(Stored entries)
• • •

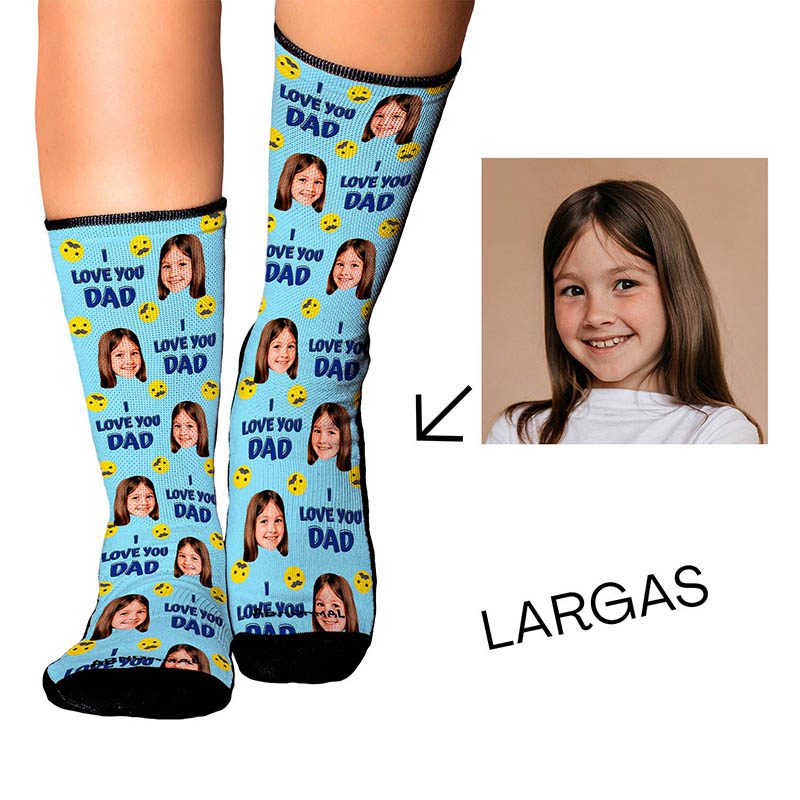 Medias Personalizadas I Love Dad - Te Amo Papá - Talla Adulto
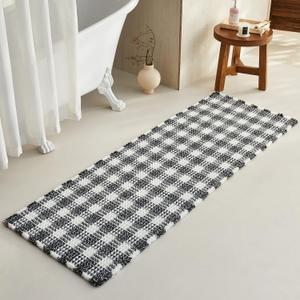 Waffle Runner Rug Bathroom, Long Boho Bathroom Rugs Non Slip Washable Absorbent Checkered Bathroom Mat Quick Dry Farmhouse Bath Mat, 72"x24" Black and White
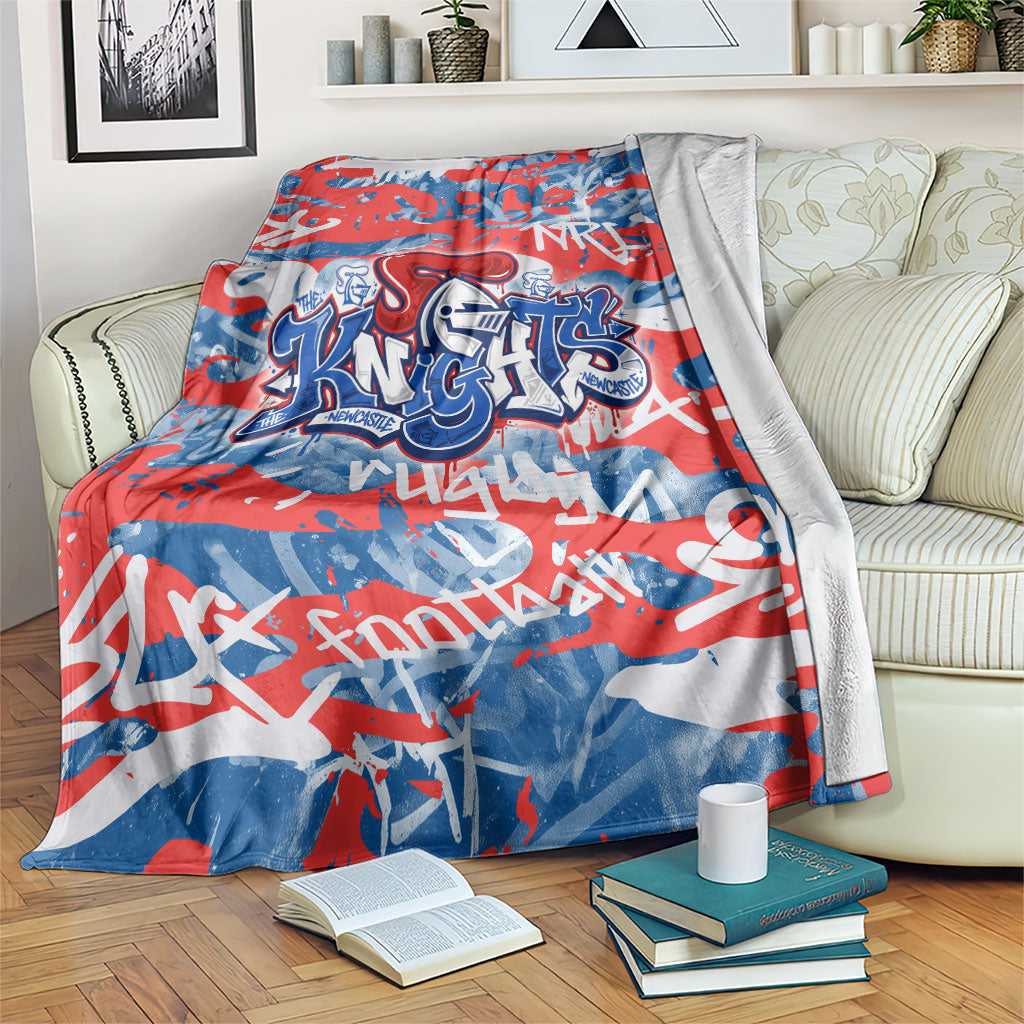 Newcastle Knights Rugby Blanket Graffiti Typography Urban Camo Abstract Street Style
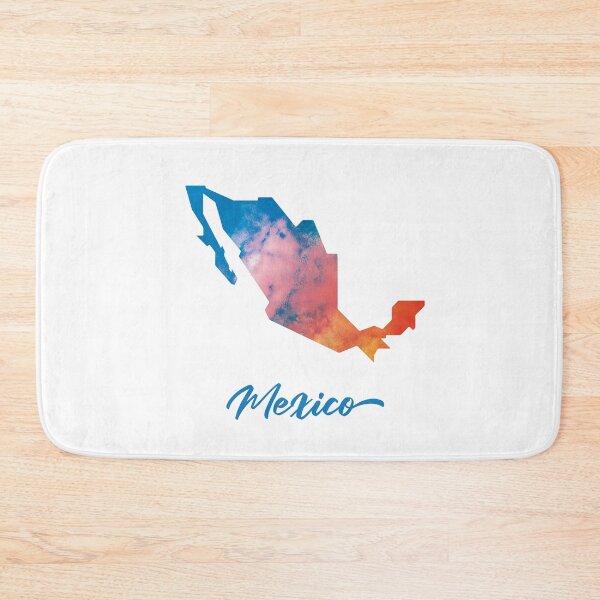 Item preview, Mexico Map in Watercolor (Blue and Orange) designed and sold by Geometricshow.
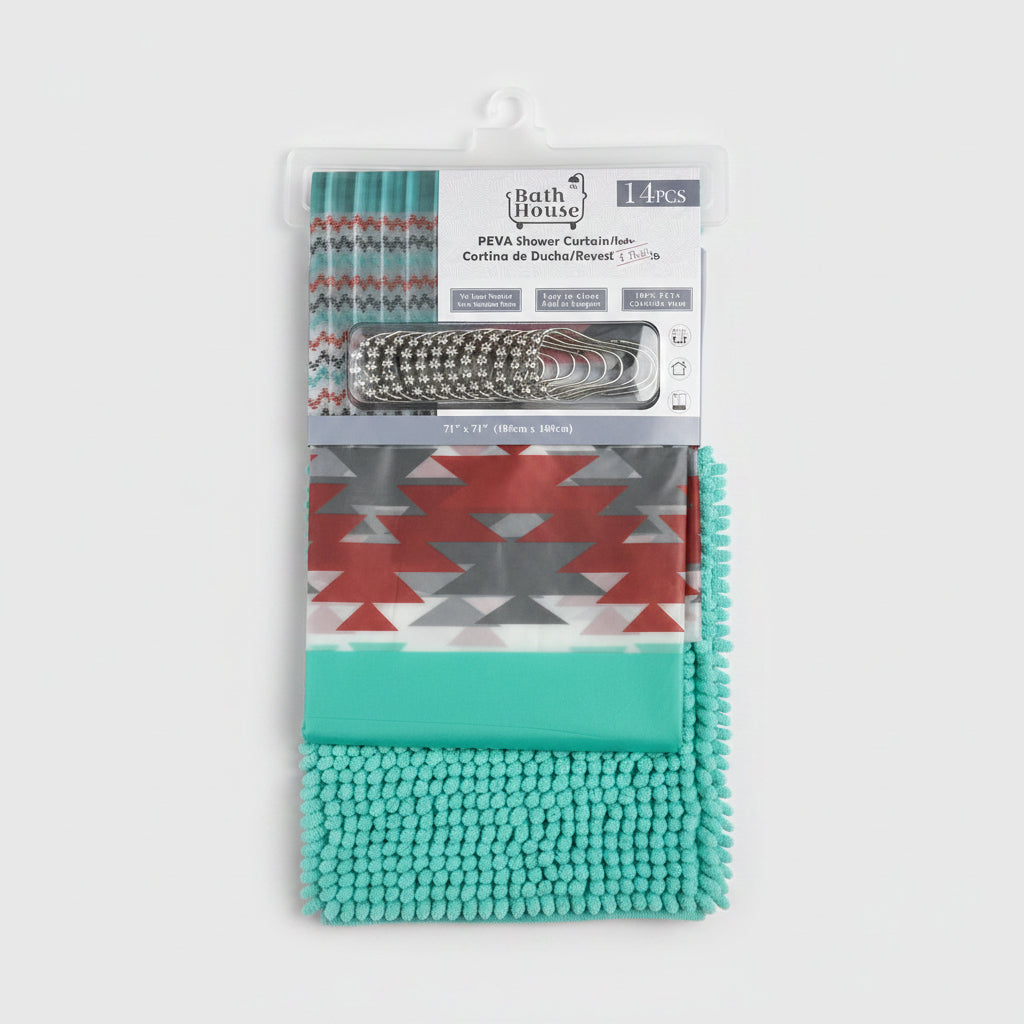 14-Piece Shower Curtain Set with Bath Mat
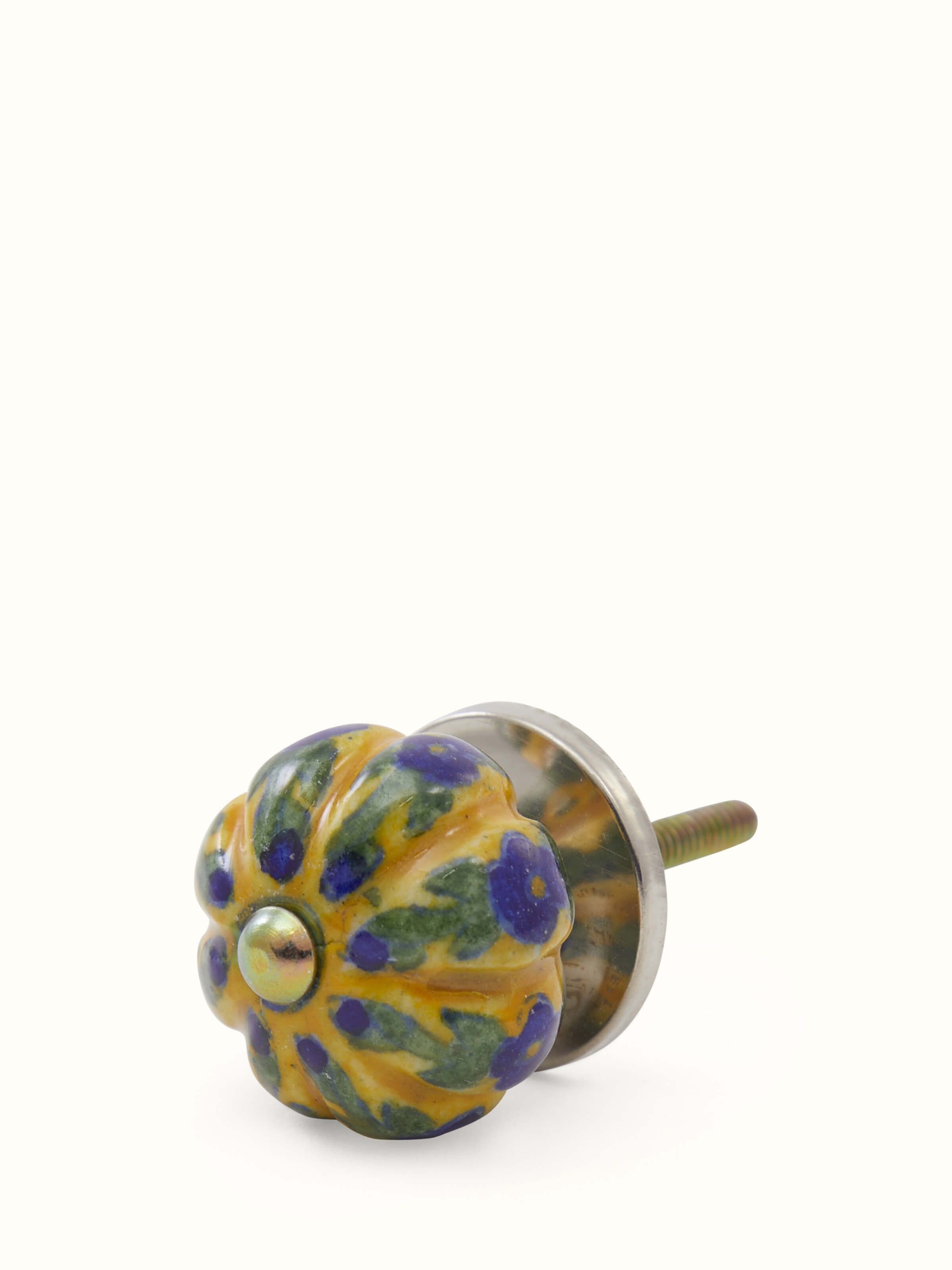 Handcrafted blue pottery door knob set showing side profile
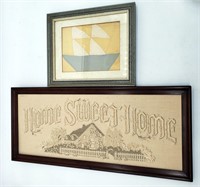 Home Sweet Home & Sailboat Quilt Square Art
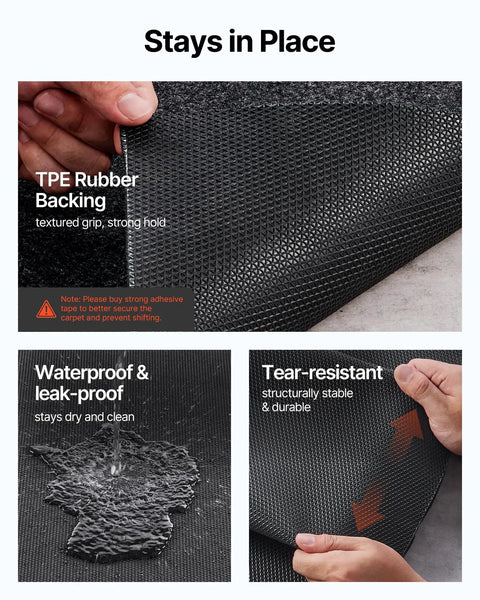 Close-up of Heavy Duty Waterproof Garage Floor Mat 8 Foot 10 Inch By 22 Foot With Non Slip TPE Backing, highlighting features.
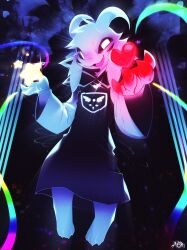1boy 2024 2d absurdres alternate_form animal_ears animal_nose anthro asriel_dreemurr asriel_dreemurr_(god_of_hyperdeath) barefoot black_sclera body_fur colored_sclera delta_rune_(symbol) delta_rune_print digital_media droopy_ears face_markings fangs floppy_ears furry furry_male goat goat_boy goat_ears goat_horns heart heart_necklace highres horns jewelry long_ears long_sleeves male male_focus male_only mammal monster monster_boy necklace open_mouth paws print_robe purple_robe red_soul_(utdr) robe skin_fangs solo soul_(utdr) undertale utdr_(toby_fox) verfyhi white_fur white_horns white_sleeves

• • •

_YOUR OBJECTIVE_
Quote the lines above exactly, starting with the one that has "Waffle Runner Rug" and ending with the one that has "Close-up of Heavy"; drop the pictures and include nothing else.

_SOLUTION FOR THIS EXERCISE_
 Waffle Runner Rug Bathroom, Long Boho Bathroom Rugs Non Slip Washable Absorbent Checkered Bathroom Mat Quick Dry Farmhouse Bath Mat, 72"x24" Black and White
 Newcastle Knights Rugby Blanket Graffiti Typography Urban Camo Abstract Street Style
 Item preview, Mexico Map in Watercolor (Blue and Orange) designed and sold by Geometricshow.
 14-Piece Shower Curtain Set with Bath Mat
 Handcrafted blue pottery door knob set showing side profile
 Home Sweet Home & Sailboat Quilt Square Art
 Close-up of Heavy Duty Waterproof Garage Floor Mat 8 Foot 10 Inch By 22 Foot With Non Slip TPE Backing, highlighting features.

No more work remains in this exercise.